13 January 2011

How To Tell You Hate Your Home

1. Let your house get messy.
2. Then let it get dirty (It totally helps to buy a black dog.)
3. Wait at least a month between spot cleans.
4. Wake up one morning when the sun is out and think "I MUST CLEAN HOUSE!"
5. Begin to clean house.
6. Realize the carpet is gross.
7. Realize several of the baseboards are popping off the wall.
8. Cringe as you dust the ugliest brass fixtures known to man (which have never been dusted.)
9. Spend a half hour cleaning off all the soot your husband got on the kitchen window and discover the window is gross as well.

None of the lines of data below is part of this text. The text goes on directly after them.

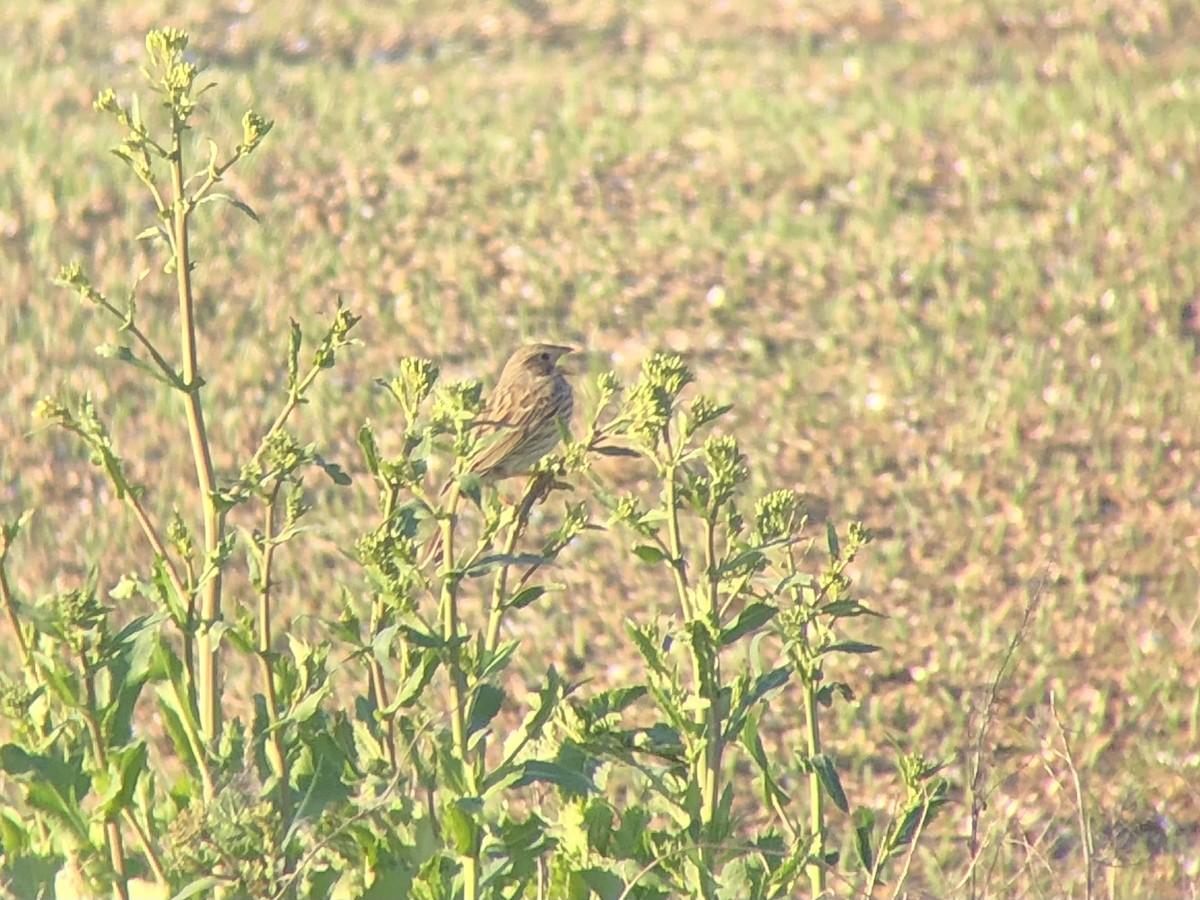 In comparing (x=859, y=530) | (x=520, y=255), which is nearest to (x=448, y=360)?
(x=520, y=255)

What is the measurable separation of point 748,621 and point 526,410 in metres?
2.23

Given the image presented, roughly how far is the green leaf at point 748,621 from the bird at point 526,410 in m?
A: 1.45

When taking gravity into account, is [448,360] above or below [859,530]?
below

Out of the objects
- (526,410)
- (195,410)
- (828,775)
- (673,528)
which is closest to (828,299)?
(526,410)

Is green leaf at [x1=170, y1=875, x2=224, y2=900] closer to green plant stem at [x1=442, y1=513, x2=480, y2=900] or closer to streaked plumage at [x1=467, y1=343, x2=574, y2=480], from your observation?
green plant stem at [x1=442, y1=513, x2=480, y2=900]

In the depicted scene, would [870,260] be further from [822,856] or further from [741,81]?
[822,856]

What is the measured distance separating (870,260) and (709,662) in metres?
6.60

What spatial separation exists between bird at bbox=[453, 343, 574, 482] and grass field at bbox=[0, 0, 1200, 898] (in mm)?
1497

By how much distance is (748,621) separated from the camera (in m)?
3.30

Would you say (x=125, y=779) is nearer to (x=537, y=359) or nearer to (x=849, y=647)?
(x=849, y=647)

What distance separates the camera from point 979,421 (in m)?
8.33

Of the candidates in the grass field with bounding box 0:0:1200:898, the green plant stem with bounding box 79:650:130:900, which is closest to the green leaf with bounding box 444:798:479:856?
the green plant stem with bounding box 79:650:130:900

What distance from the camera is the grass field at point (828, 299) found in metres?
6.91

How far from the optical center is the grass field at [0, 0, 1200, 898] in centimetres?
691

10. Scrub down the counter tops and discover they are stained and who ever cut them didn't cut very straight.
11. Clean the baseboards that are around the counter tops and realize the caulk is coming off. Gross.
12. Clean the tile in front of the fire and suddenly remember its PINK. My god its pink...
13. Open the door to the laundry room and shut it quickly. The room is too scary.
14. Clean the bathrooms.
15. While cleaning the bathrooms realize the counter tops (same as the kitchen) are coming off from the wall.
16. Clean the floor and ponder why it won't come clean. Scrub a lot. Still drity. Give up.
17. Fall over and remember why you never clean the house this much: It reminds you how crappy it is. And how in desperate need of updating it is.